Leadholders are almost invariably quite thick. The feel in hand is very different from the slim woodcase pencil.

Whenever I write by hand, I tend to prefer a fountain pen, a mechanical or a woodcase pencil. Writing with a Mitsubishi Hi-Uni or Tombow Mono 100 pencil, for those who can appreciate it, is a cheap luxury. Pencils are higly versatile writing instruments. I'm left handed and heavy handed and prefer H or 2H pencils to prevent smudging. Writers like Vladimir Nabokov praised the Eberhard Faber Blackwing (about 2B on a typical modern pencil scale, although these aren't standardized) for its smooth, almost pen-like glide.

American manufacturers can't compete in lowest price, but they might in best quality. The Germans and Japanese already do.

>Pencils can be quickly swapped for different hardness. Swapping the lead grade in a holder is much more involved.

But surely you could just between multiple holders with different leads in them, which would be equivalent to swapping pencils?

Yes, but at a price and space disadvantage. A set of leadholders to match the gradient of a good art pencil set will cost at least tens, more likely hundreds of dollars. They will also take more space. Clutch pencil leads are not as readily available everywhere, especially in different hardnesses.

>smooth, almost pen-like glide

I have a Mitsubishi Hi-Uni 10B woodcase pencil, which is the only 10B rated pencil I could find. As you said, pencil hardness isn't standardized, but it's a very soft pencil, and it does feel smooth compared to other woodcase pencils. But it does not feel as smooth as a 0.5mm mechanical pencil with Pilot Neox 4B lead, which is the smoothest mechanical pencil lead I could find. The Mitsubishi does however write a little darker.

I don't think artists will ever give them up.

> but the cost is unlikely to be competitive if they're made in America.

There are competitors which sell twelve-packs of № 2 of similar quality for about the same price, if Amazon is anything to go by.

Pencils are also still basically indispensable in schools.

Wooden pencils are far superior and more versatile for drawing.

What artistic technique is possible with a wooden pencil but not a leadholder? Leadholders let you draw with the side of the lead, and sharpen it to any shape you like. They're practically the same as wooden pencils except you don't need to cut the case to sharpen them.

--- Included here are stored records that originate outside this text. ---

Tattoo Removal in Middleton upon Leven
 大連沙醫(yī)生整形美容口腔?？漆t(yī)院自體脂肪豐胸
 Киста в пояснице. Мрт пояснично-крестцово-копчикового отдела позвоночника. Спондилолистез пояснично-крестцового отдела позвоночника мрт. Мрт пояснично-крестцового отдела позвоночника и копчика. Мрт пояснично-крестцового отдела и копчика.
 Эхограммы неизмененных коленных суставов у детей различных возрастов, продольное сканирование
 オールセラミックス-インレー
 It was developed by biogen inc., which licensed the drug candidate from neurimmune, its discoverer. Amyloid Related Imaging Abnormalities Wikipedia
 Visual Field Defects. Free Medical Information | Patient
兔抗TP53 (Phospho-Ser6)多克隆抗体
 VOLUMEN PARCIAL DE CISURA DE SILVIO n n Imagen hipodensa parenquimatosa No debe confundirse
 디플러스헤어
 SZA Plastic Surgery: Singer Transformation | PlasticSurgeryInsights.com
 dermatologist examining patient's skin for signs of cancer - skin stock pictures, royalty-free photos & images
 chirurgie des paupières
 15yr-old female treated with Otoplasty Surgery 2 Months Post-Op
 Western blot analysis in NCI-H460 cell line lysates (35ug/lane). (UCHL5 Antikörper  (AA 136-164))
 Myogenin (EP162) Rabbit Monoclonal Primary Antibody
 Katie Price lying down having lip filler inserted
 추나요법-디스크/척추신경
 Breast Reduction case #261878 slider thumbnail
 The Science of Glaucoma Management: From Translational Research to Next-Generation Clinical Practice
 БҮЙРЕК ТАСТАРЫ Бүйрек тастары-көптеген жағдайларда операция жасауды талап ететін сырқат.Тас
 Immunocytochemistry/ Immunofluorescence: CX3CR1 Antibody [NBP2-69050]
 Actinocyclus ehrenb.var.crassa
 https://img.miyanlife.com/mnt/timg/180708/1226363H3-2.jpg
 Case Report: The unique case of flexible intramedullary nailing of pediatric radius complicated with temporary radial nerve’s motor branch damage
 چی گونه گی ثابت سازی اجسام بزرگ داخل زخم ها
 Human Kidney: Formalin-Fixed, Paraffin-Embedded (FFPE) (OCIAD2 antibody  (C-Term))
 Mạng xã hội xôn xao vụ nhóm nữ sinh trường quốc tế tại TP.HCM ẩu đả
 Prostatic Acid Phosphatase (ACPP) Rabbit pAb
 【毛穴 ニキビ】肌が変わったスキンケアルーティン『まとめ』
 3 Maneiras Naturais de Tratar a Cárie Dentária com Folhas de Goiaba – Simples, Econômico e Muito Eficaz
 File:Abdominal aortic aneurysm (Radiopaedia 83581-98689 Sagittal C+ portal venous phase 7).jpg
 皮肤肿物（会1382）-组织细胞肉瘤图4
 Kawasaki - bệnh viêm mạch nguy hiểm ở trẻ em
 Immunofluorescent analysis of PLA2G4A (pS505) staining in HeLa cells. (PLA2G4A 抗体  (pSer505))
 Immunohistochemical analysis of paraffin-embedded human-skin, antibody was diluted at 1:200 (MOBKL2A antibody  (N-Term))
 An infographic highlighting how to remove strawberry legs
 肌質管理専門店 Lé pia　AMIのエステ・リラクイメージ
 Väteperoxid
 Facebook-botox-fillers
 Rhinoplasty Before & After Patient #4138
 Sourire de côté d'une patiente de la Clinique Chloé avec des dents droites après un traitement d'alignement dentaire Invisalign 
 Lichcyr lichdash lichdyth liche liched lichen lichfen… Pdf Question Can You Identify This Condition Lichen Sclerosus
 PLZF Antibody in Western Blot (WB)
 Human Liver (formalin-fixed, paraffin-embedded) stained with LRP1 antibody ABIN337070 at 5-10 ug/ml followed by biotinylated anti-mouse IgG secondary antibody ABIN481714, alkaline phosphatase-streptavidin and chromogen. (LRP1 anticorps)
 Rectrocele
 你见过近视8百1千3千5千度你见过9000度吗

A cheap paintbrush is practically the same as an expensive one, but I'd not trade my $70 watercolor brush for a cheap one. In art, practically the same can get weirdly different results. Simply changing a brand in the same category (paint, for example) can mean color differences and some mixing issues if mixed with some other brands.

With this, it is more issue of price, availability, personal preference and practicality. Some folks will seek out such a thing, but most wont.

I found one from Faber-Castell (generally available brand of art pens/pencils). [1] The hardness isn't marked on the outside of the pencil (good for looks, bad for pencil changes) Though it comes with 14 different hardnesses of lead, refills only come in 11 (You don't need such a wide variety most times though). Oh, and they are $11.50 each.

I'd use at least 3-4 different graphite hardnesses in one picture, usually a few more. $45-$60 with hard to find replacement leads for a small benefit that doesn't seem to improve things the way a good paintbrush does. After all, you can just buy Faber-Castell wood pencils (a set for around the price of one) and get the same quality lead.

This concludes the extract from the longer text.